Try it:
All of the data needs to come back exactly as written.

Source material:
○ ○ ○ ○ ○ ○ ○
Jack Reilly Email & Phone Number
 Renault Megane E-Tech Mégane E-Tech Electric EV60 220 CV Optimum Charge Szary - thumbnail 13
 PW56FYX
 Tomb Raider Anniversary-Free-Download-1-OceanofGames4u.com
○ ○ ○ ○ ○ ○ ○
Your response:
Jack Reilly Email & Phone Number
 Renault Megane E-Tech Mégane E-Tech Electric EV60 220 CV Optimum Charge Szary - thumbnail 13
 PW56FYX
 Tomb Raider Anniversary-Free-Download-1-OceanofGames4u.com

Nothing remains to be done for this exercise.